When adjusting the values of each variable, you can either use the given slider, or type in the desired value directly into the text field. Remember to confirm your change by pressing "Enter" when typing your value. Note that the structure may change slightly upon changing from Cartesian to polar coordinates. This reflects that the variables are fixed to the displayed values, the angle phi for instance only takes integer values here.

The basis of the lattice can be customized in the upper mid box. The box shows a current view of your basis, i.e. all atoms of the basis. Both the size and the color represent the number of electrons per atom.
By selecting one of the atoms, you get additional information on this specific atom.

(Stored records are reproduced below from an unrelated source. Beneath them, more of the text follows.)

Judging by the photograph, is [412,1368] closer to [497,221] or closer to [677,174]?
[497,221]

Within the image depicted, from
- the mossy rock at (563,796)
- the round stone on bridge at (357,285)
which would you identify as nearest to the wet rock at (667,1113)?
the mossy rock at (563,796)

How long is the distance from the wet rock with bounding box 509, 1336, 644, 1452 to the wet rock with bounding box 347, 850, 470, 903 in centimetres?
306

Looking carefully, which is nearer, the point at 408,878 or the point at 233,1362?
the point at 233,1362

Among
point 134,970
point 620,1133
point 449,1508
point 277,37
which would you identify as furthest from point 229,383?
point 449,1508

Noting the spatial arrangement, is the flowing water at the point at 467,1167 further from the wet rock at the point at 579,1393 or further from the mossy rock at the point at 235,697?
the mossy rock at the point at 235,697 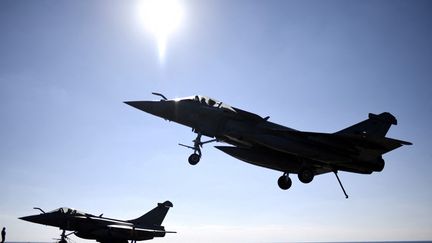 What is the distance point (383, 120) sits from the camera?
59.2 ft

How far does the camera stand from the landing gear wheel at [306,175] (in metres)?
16.4

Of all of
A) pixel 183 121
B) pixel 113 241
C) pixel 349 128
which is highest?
pixel 349 128

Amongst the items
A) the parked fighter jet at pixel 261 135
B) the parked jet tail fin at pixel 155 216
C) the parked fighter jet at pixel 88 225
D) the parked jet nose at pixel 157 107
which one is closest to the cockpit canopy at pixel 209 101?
the parked fighter jet at pixel 261 135

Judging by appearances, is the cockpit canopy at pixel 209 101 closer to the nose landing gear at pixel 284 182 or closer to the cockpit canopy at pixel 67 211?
the nose landing gear at pixel 284 182

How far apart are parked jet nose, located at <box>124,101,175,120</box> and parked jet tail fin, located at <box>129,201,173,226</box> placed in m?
21.4

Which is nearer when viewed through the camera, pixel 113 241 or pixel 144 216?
pixel 113 241

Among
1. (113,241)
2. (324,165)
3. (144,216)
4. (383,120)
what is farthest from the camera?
(144,216)

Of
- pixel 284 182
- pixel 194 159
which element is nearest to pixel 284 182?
pixel 284 182

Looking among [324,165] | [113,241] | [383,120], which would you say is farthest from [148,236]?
[383,120]

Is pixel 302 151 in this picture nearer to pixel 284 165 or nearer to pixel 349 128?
pixel 284 165

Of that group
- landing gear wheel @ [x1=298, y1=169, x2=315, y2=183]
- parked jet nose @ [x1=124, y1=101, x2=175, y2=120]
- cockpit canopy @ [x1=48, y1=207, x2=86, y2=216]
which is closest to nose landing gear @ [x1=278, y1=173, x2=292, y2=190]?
landing gear wheel @ [x1=298, y1=169, x2=315, y2=183]

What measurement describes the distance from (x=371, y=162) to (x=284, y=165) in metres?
4.05

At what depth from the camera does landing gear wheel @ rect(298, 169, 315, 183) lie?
645 inches

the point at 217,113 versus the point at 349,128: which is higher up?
the point at 349,128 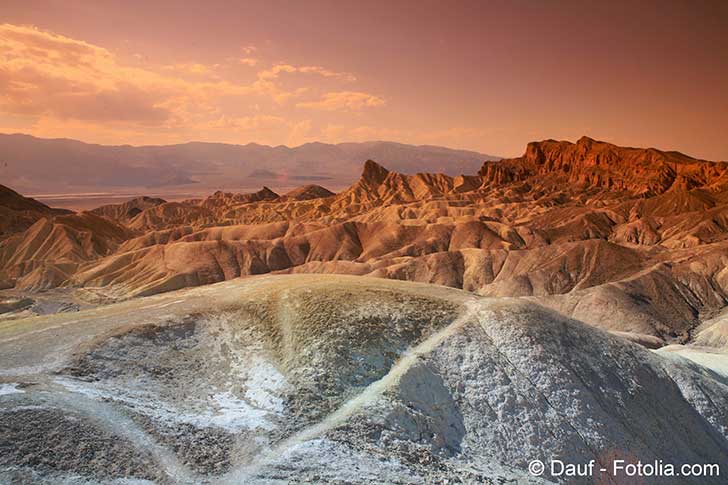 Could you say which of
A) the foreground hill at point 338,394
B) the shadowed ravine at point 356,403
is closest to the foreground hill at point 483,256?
the foreground hill at point 338,394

The information panel shows:
1) The internal number of the atom inside the basis.
2) The number of electrons which here corresponds to the diffraction intensity.
When having selected an atom, you can change:
1) The number of electrons, using the slider or the text field (as described for the lattice vectors)

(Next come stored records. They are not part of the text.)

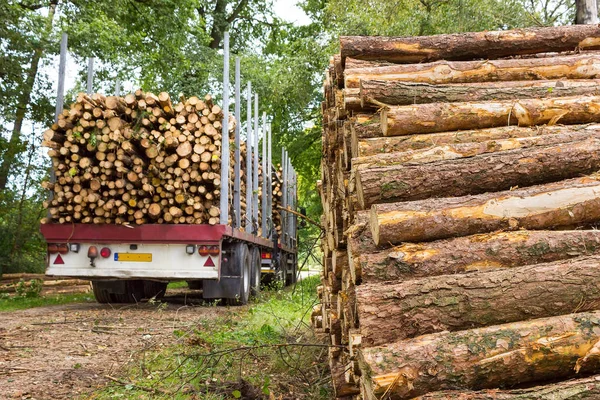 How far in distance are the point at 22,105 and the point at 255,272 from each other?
8.49m

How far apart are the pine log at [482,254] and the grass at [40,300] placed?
8.50m

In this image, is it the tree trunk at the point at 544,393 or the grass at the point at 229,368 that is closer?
the tree trunk at the point at 544,393

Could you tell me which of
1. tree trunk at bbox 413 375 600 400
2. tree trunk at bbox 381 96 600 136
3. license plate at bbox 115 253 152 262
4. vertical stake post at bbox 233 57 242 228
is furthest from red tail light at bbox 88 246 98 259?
tree trunk at bbox 413 375 600 400

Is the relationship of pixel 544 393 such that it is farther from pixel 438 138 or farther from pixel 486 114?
pixel 486 114

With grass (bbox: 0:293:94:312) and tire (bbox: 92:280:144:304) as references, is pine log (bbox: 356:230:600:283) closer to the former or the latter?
tire (bbox: 92:280:144:304)

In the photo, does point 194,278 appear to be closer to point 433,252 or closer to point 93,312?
point 93,312

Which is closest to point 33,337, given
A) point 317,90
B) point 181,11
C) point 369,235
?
point 369,235

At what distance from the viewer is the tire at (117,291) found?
10.0 metres

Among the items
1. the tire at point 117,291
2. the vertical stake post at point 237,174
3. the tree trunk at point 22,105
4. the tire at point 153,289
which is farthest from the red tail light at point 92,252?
the tree trunk at point 22,105

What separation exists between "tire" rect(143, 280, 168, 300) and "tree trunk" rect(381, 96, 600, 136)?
738cm

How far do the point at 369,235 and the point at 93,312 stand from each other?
6347 millimetres

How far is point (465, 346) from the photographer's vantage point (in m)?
2.84

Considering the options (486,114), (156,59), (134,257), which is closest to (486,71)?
(486,114)

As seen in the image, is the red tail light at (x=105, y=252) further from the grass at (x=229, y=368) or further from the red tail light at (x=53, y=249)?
the grass at (x=229, y=368) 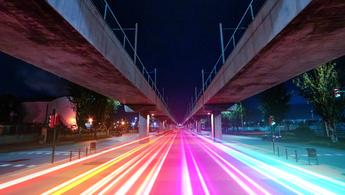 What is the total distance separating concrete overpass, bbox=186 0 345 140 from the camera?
27.6ft

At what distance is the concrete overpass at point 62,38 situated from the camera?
8.14m

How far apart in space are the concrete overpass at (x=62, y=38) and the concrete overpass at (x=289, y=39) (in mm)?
7219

2) The position inside the basis by just dragging the atom wherever you want.
3) Remove the atom by clicking "Remove Atom".

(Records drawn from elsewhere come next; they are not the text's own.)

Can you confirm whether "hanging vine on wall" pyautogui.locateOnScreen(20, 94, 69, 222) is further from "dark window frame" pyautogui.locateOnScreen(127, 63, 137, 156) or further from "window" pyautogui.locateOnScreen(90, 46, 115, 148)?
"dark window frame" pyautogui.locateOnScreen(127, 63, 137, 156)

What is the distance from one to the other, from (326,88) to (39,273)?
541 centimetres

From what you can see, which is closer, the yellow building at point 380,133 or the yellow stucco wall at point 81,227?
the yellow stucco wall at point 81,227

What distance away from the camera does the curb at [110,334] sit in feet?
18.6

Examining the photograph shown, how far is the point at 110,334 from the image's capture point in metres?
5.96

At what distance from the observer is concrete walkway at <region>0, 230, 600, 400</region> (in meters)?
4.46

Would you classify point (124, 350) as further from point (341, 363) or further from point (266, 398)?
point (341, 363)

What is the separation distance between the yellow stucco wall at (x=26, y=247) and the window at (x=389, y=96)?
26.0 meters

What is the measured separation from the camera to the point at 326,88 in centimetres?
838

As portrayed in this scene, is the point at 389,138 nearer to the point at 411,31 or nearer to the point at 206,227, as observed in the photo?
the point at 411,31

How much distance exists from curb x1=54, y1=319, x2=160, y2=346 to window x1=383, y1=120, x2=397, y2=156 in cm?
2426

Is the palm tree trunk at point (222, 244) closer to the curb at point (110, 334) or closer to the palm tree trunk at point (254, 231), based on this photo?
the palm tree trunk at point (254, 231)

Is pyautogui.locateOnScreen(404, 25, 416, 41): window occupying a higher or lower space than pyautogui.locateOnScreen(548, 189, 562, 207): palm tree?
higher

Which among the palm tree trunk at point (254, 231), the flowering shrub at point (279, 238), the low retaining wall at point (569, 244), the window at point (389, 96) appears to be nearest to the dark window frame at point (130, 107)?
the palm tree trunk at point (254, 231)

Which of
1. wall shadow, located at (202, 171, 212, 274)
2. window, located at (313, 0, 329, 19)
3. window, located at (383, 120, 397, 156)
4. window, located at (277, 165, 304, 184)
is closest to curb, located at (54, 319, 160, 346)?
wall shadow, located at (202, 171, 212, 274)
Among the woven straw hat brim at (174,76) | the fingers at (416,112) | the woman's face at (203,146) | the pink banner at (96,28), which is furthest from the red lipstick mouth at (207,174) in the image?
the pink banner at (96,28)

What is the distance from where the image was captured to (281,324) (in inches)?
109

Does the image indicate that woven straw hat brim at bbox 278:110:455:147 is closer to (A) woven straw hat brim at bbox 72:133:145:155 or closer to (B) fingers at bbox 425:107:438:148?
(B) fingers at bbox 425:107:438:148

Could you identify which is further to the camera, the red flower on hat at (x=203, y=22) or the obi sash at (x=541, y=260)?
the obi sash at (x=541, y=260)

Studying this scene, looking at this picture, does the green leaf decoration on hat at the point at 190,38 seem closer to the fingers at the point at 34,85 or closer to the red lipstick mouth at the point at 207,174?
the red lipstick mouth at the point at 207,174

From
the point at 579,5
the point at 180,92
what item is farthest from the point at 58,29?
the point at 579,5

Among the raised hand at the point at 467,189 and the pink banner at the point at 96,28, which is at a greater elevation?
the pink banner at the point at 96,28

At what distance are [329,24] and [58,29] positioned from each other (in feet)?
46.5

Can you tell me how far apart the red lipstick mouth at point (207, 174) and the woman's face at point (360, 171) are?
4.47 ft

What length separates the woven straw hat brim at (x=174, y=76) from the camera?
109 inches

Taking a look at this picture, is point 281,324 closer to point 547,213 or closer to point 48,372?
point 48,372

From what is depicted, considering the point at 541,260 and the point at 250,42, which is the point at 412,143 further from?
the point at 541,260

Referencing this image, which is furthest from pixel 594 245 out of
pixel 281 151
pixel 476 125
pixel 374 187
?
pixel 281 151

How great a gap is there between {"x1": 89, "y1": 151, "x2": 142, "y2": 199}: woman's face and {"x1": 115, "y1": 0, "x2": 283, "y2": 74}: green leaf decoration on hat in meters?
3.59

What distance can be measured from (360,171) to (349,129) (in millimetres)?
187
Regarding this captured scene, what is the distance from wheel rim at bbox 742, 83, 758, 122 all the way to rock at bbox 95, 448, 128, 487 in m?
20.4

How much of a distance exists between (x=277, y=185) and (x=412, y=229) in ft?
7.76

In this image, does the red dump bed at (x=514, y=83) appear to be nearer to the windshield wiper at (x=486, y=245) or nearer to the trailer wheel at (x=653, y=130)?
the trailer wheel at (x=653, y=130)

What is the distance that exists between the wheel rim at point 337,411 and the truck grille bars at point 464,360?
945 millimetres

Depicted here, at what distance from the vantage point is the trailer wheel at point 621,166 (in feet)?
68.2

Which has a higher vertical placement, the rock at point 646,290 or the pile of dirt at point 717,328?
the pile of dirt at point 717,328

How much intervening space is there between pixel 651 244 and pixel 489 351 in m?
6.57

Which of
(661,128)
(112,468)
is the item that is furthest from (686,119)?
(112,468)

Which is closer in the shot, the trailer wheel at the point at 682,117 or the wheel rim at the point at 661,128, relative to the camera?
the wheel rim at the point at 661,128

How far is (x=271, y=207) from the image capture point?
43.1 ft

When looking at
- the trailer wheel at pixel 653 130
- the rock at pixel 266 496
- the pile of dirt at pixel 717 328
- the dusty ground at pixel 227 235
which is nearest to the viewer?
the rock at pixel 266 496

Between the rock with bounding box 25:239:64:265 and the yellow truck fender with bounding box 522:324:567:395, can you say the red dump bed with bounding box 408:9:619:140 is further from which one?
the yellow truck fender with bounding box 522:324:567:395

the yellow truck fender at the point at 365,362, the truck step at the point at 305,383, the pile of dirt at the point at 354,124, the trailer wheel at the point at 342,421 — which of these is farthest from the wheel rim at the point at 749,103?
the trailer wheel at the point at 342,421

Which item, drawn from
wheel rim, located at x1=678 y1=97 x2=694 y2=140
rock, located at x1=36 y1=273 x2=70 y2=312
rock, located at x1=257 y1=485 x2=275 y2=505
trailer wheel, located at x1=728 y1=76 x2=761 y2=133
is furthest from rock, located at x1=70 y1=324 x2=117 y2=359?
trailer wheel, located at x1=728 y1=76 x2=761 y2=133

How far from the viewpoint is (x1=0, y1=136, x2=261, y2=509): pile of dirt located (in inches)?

4) The phonon frequency, which is relevant fot he Debye-Waller factor.
Furthermore you can add a new atom to the basis by pressing "Add Atom".

 


"Additional Options" is a collection of options, that don't directly belong to "Bravais lattice" or "Basis".
1) The first box lets you select default lattices, which are directly loaded and displayed
2) "Bravais lattice" / "Reciprocal lattice" turns on/off the visualization of lattice points, lattice vectors, and cells.
3) "Intensity & Structure factor" turns on/off the visualization of the reciprocal lattice intensities using the structure factor
4) "Atomic Structure factor" visualizes the effect of the fact that atoms are no points but have a finite size. The calculation is based on a simple Gaussian shape.
5) "Logarithmic scale" enables/disables the use of a logarithmic scale to display the diffraction intensity
6) "Primitive Cell" / "Wigner-Seitz Cell" turns on/off the visualization of the stated cells of the lattice
7) "1st / 2nd Brillouin Zone" turns on/off the visualization of the 1st/2nd Brillouin zone in the reciprocal lattice
8) "Debye-Waller factor" enables/disables the fluctuation of the atoms at a given temperature T, adjustable below, changing the diffraction intensities of the reciprocal lattice dots. The calculation requires knowledge of the mass (which the applet derives from the electron number) and the phonon frequency, which can be adjusted in the top panel.

If one selects a point of the reciprocal lattice with the mouse, the Miller indices of that point and the structure factor are given at the bottom.